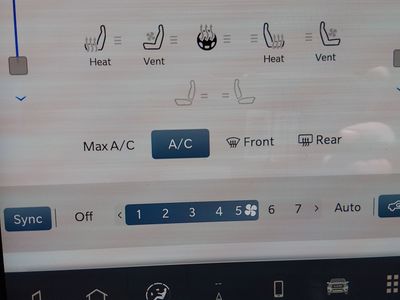 2025 Ram 1500 — photo 19 view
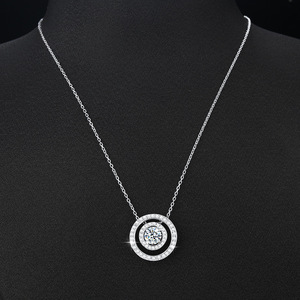 Pronto per la Spedizione <span class=keywords><strong>Collana</strong></span> con Pendente in Argento Sterling S925 Unisex con Doppio <span class=keywords><strong>Anello</strong></span> Incastonato con Moissanite Blu da 1 Carato per Uomini e Donne - Product Image 5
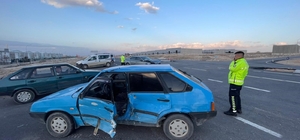 Karaman'da otomobiller çarpıştı: 2 yaralı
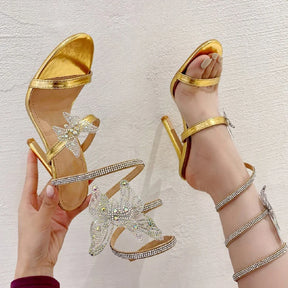 Butterfly Steps – Eleve-se ao Topo com Graça e Sofisticação! ✨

Required action: Starting at the line that holds "Pronto per la", copy each line exactly through the end of the material above, keeping both ends and dropping the pictures.

Exercise output:
 Pronto per la Spedizione <span class=keywords><strong>Collana</strong></span> con Pendente in Argento Sterling S925 Unisex con Doppio <span class=keywords><strong>Anello</strong></span> Incastonato con Moissanite Blu da 1 Carato per Uomini e Donne - Product Image 5
 Karaman'da otomobiller çarpıştı: 2 yaralı
 Butterfly Steps – Eleve-se ao Topo com Graça e Sofisticação! ✨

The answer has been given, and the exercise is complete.